→ **What to work on**: Would you retype the line that contains "Attēlu rezultāti vaicājumam" and all lines following it to the end of the entries below, exactly and without pictures?

==============================

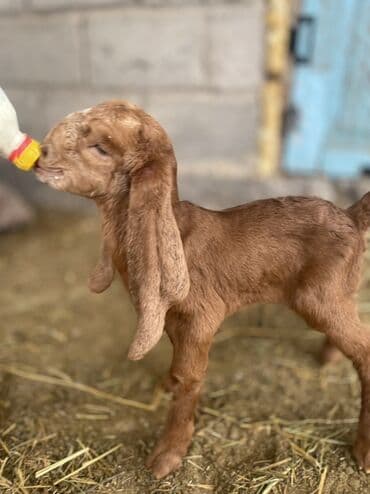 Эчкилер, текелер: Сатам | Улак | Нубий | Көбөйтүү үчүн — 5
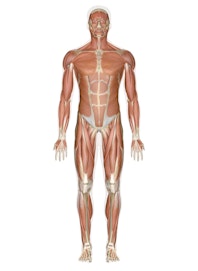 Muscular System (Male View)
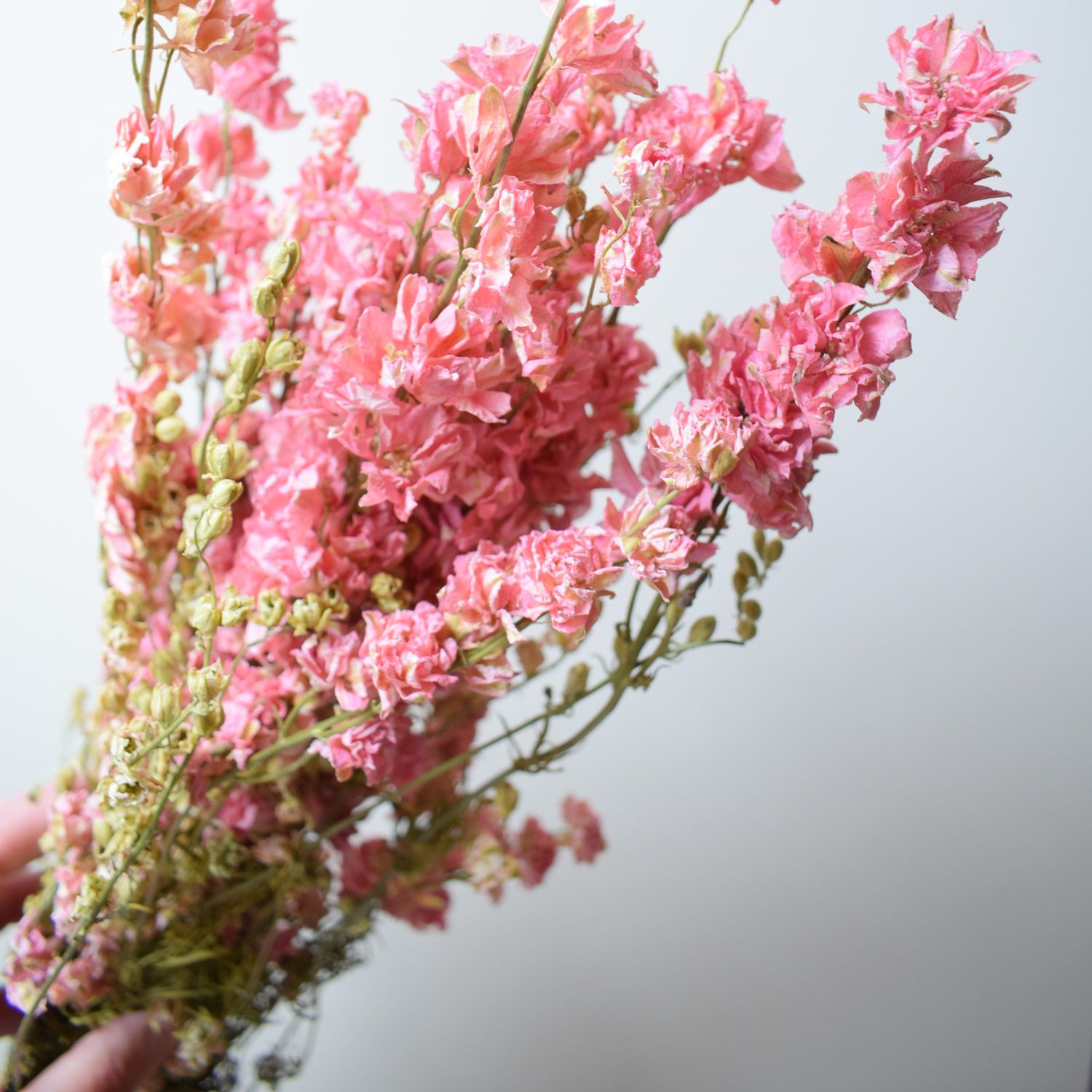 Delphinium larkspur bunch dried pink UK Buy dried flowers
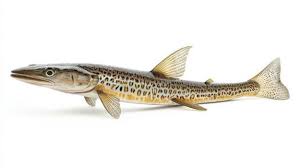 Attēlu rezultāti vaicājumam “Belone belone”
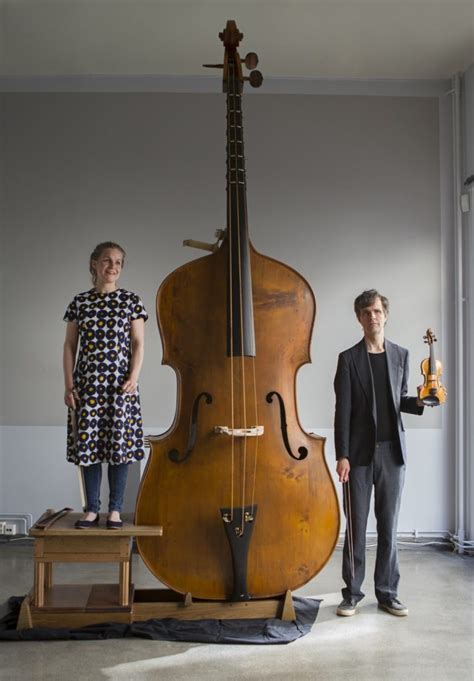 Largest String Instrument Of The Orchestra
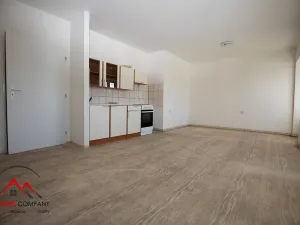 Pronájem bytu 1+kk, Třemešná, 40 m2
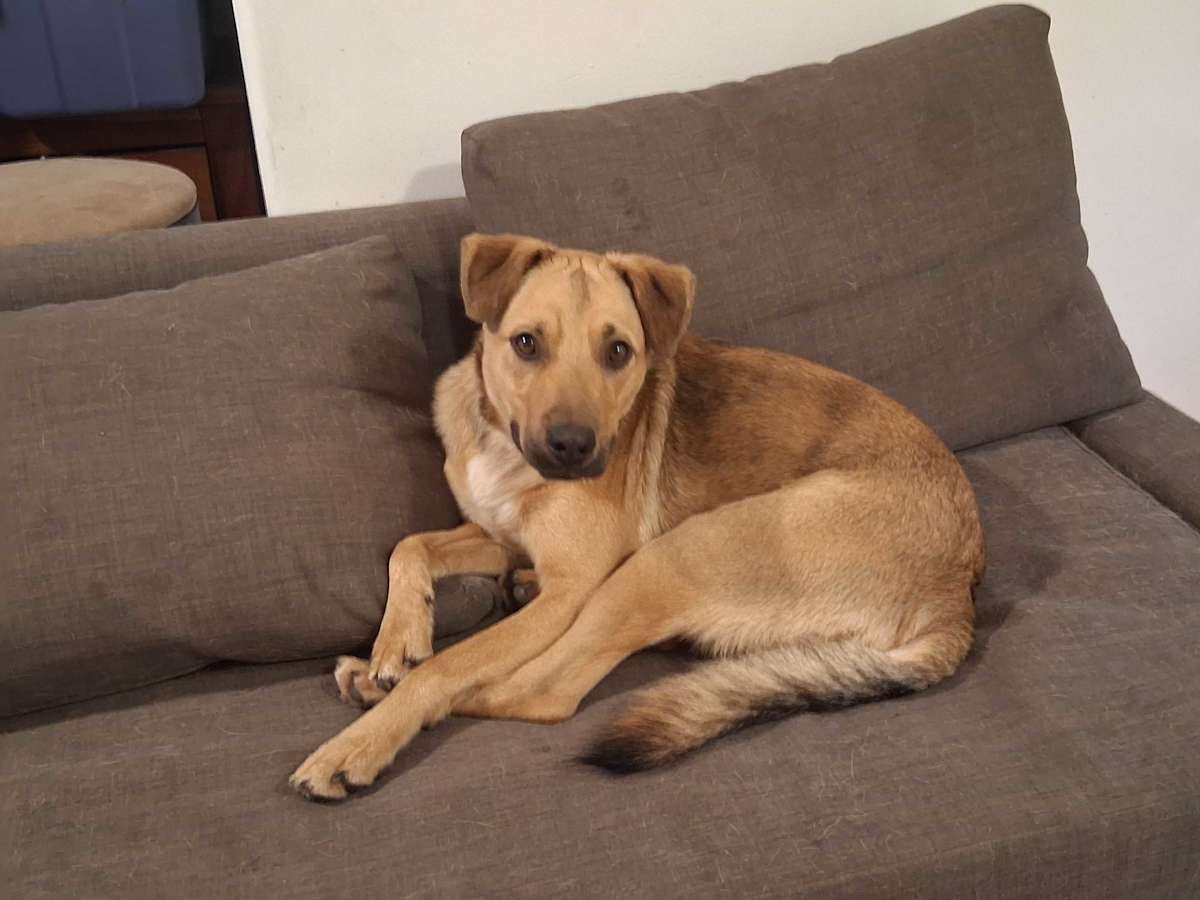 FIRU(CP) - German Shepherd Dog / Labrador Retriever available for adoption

==============================

→ **Exercise response**:
 Attēlu rezultāti vaicājumam “Belone belone”
 Largest String Instrument Of The Orchestra
 Pronájem bytu 1+kk, Třemešná, 40 m2
 FIRU(CP) - German Shepherd Dog / Labrador Retriever available for adoption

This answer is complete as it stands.